- Born: October 1965 (age 60) Brooklyn, New York
- Education: Arizona State University
- Occupation: Author
- Notable work: Excuse Me While I Disappear

= Laurie Notaro =

American writer

Laurie Notaro (born October 1965) is an American writer and a #1 New York Times bestselling author. She authored a number of New York Times best-selling books, including The Idiot Girls’ Action-Adventure Club, Excuse Me While I Disappear, and Housebroken.

== Career ==
She co-founded Planet Magazine, and was a senior editor at Tucson Monthly, a monthly city magazine. Notaro was a columnist for ten years at The Arizona Republic.
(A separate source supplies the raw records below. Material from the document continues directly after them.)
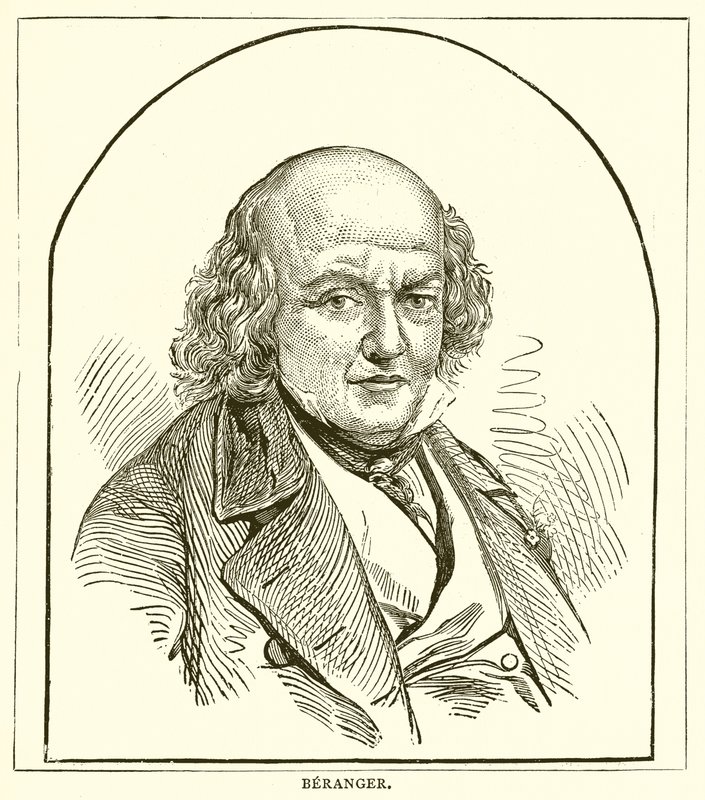 beranger by English School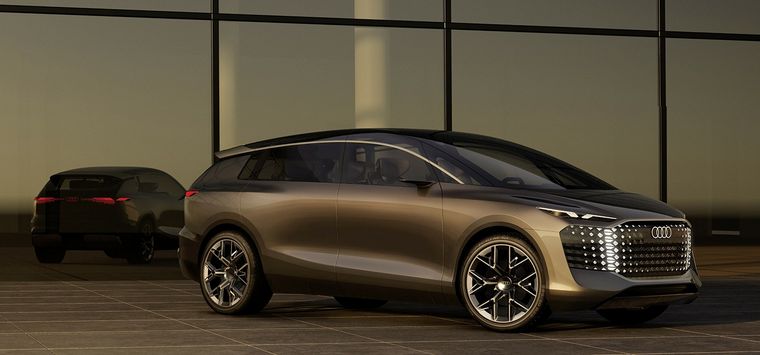 La arquitectura: desde el interior hacia el exterior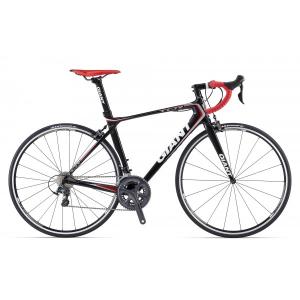 Giant TCR Advanced 1 Ultegra Bike 2014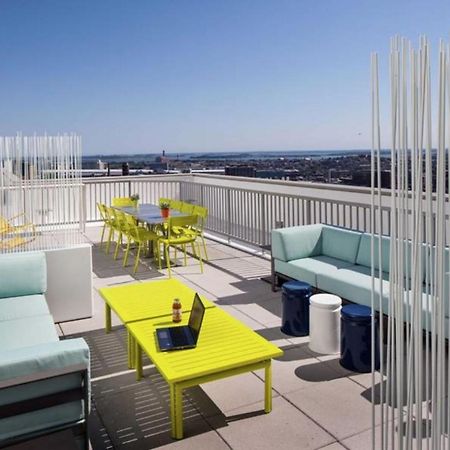 Downtown 1Br W Luxury Amenities Rooftop Views Bos-502 Daire Boston Dış mekan fotoğraf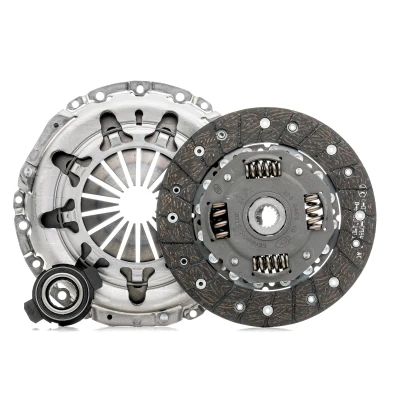 Bilde av LuK BR 0222 620 1612 00 Clutch med utløserlager, clutchplate 200 PEUGEOT: 206 Hatchback, Partner I Van, 306 Sedan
In October 2001, her book The Idiot Girls’ Action Adventure Club was picked up by Random House. She published with Simon & Schuster with Crossing the Horizon and Potty Mouth at the Table. Her latest book, Excuse Me While I Disappear, is published by Little A and is a collection of musings on a Gen X-er becoming an AARP-er. Numerous articles, essays, and novels have followed, and she was a finalist for The Thurber Award for American Humor. She has written for The New York Times, Glamour, Oprah, BARK Magazine, USA Today, Village Voice Media, and BUST.

== Personal life ==
Notaro was raised in Phoenix, Arizona. She graduated from Arizona State University with a degree in journalism. She currently lives in Eugene, Oregon with her husband.

==Works==
===Novels===

- There's a (Slight) Chance I Might Be Going to Hell: A Novel of Sewer Pipes, Pageant Queens, and Big Trouble (May 29, 2007)
- Spooky Little Girl (April 13, 2010)
- Crossing the Horizon (October 4, 2016)
- The Murderess (October 16, 2024)

===Essay collections===

- The Idiot Girls' Action-Adventure Club: True Tales from a Magnificent and Clumsy Life (July 2, 2002)
- Autobiography of a Fat Bride: True Tales of a Pretend Adulthood (July 8, 2003)
- I Love Everybody (and Other Atrocious Lies): True Tales of a Loudmouth Girl (June 8, 2004)
- We Thought You Would Be Prettier: True Tales of the Dorkiest Girl Alive (April 19, 2005)
- An Idiot Girl's Christmas: True Tales from the Top of the Naughty List (November 1, 2005)
- The Idiot Girl and the Flaming Tantrum of Death: Reflections on Revenge, Germophobia, and Laser Hair Removal (June 24, 2008)
- It Looked Different on the Model: Epic Tales of Impending Shame and Infamy (July 26, 2011)
- The Potty Mouth at the Table (May 7, 2013)
- Enter Pirates: Vintage Legends 1991-1999 (August 2015)
- Housebroken (July 2016)
- Predictably Disastrous Results: Vintage Legends Volume II (August 2016)
- Excuse Me While I Disappear (November 2022)
- I Have A New Complaint (June 2026)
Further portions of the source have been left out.